-- Task instructions --
Take the line containing "Sterling Silver 925" and each line after it through the end of the data below, and return them exactly, minus any pictures.

-- Data section --

★ ★ ★ ★ ★ ★ ★

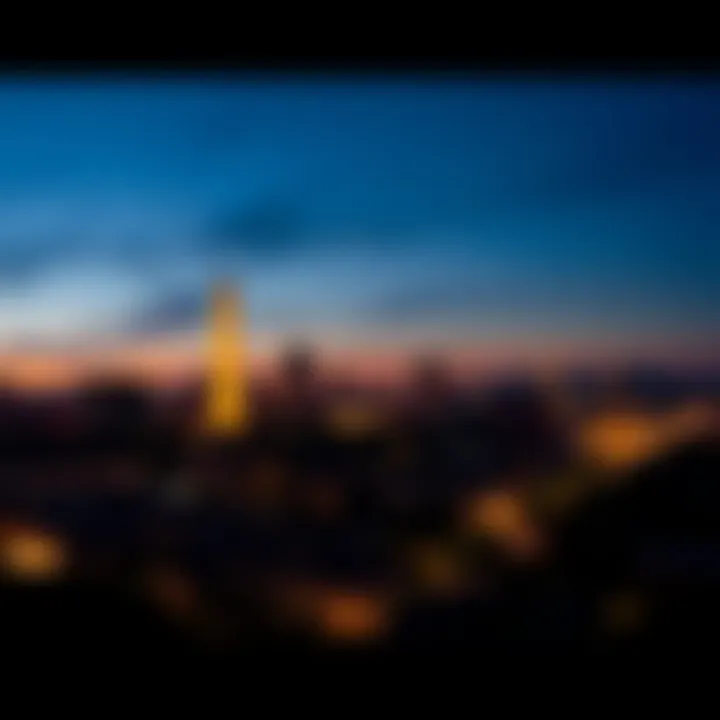 D.C. Skyline at Dusk A panoramic view of the city's skyline at dusk.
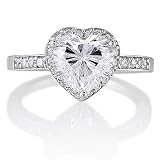 Sterling Silver 925 Heart Cubic Zirconia CZ Ring - Nickel Free Engagement Wedding Ring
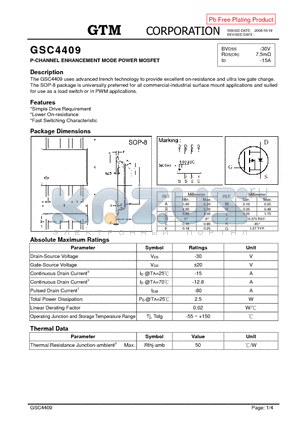 GSC4409 datasheet - P-CHANNEL ENHANCEMENT MODE POWER MOSFET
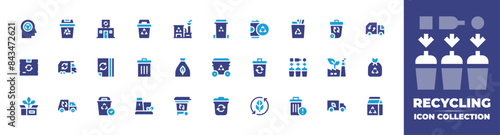 Recycling icon collection. Duotone color. Vector and transparent illustration. Containing recycling, package, recyclebin, garbagetruck, recyclingtruck, recyclingplant, paperrecycle. photo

★ ★ ★ ★ ★ ★ ★

-- Problem solution --
 Sterling Silver 925 Heart Cubic Zirconia CZ Ring - Nickel Free Engagement Wedding Ring
 GSC4409 datasheet - P-CHANNEL ENHANCEMENT MODE POWER MOSFET
 Recycling icon collection. Duotone color. Vector and transparent illustration. Containing recycling, package, recyclebin, garbagetruck, recyclingtruck, recyclingplant, paperrecycle. photo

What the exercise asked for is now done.